YOUR TASK: Repeat each line of the material word for word.

RECORDED DATA:
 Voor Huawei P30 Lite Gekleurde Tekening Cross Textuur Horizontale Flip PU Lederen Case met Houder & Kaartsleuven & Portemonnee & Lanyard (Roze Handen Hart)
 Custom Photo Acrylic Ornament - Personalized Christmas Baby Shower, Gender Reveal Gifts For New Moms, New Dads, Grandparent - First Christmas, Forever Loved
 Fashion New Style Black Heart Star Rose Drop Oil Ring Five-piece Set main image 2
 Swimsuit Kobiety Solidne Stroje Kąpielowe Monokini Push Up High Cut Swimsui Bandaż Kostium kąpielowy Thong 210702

WRITTEN RESPONSE:
 Voor Huawei P30 Lite Gekleurde Tekening Cross Textuur Horizontale Flip PU Lederen Case met Houder & Kaartsleuven & Portemonnee & Lanyard (Roze Handen Hart)
 Custom Photo Acrylic Ornament - Personalized Christmas Baby Shower, Gender Reveal Gifts For New Moms, New Dads, Grandparent - First Christmas, Forever Loved
 Fashion New Style Black Heart Star Rose Drop Oil Ring Five-piece Set main image 2
 Swimsuit Kobiety Solidne Stroje Kąpielowe Monokini Push Up High Cut Swimsui Bandaż Kostium kąpielowy Thong 210702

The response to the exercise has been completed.